• **INSTRUCTIONS FOR THE TASK**
Reproduce, word for word, the lines in the material below starting with the one that has "sacai Black Nylon" and going on through the one that has "Sagebrook Home 12629-13". Leave out all pictures.

• **INFORMATION SHOWN**
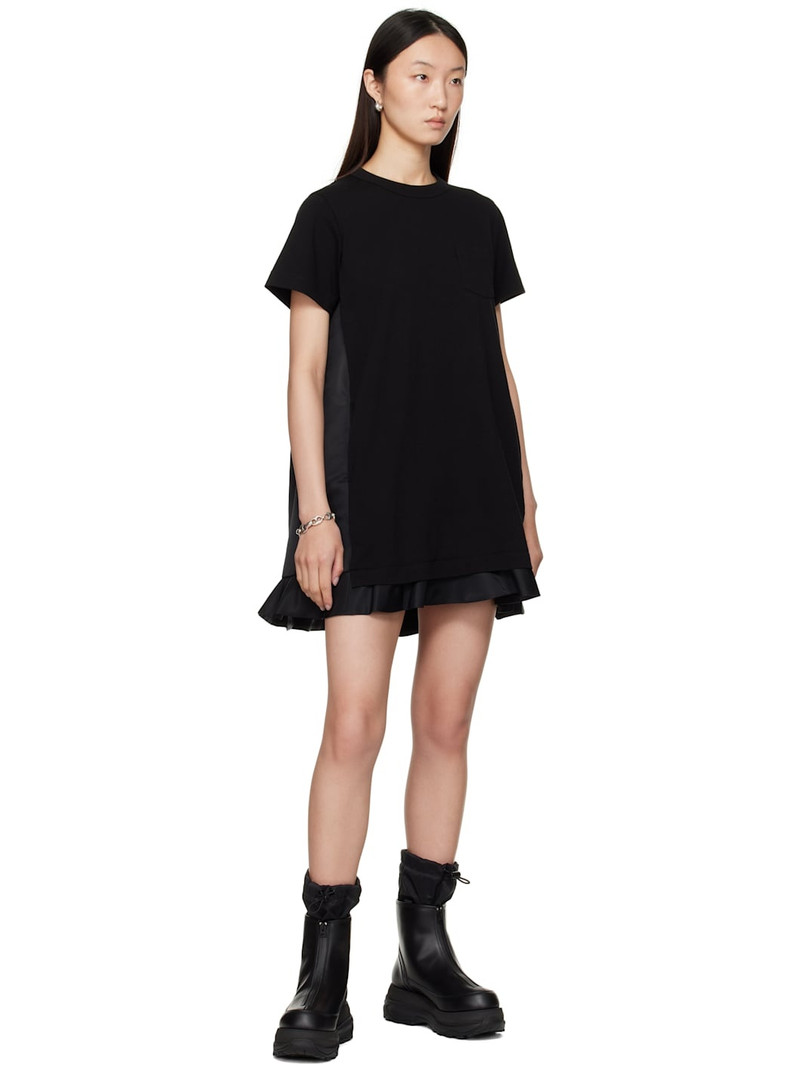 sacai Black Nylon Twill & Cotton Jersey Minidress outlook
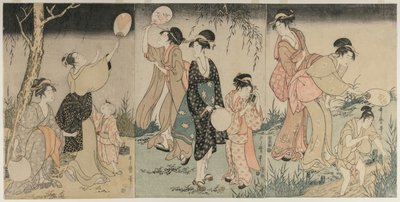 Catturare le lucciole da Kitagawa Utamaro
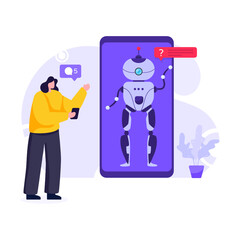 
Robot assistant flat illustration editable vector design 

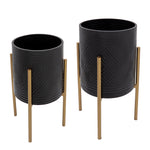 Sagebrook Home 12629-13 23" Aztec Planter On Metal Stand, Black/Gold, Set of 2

---

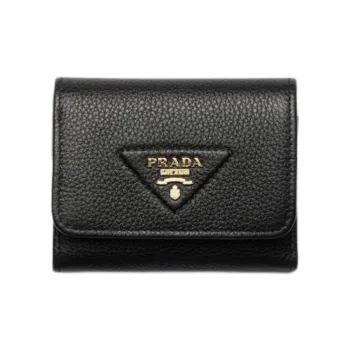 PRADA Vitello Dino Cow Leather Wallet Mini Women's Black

• **SOLUTION**
 sacai Black Nylon Twill & Cotton Jersey Minidress outlook
 Catturare le lucciole da Kitagawa Utamaro
Robot assistant flat illustration editable vector design 

 Sagebrook Home 12629-13 23" Aztec Planter On Metal Stand, Black/Gold, Set of 2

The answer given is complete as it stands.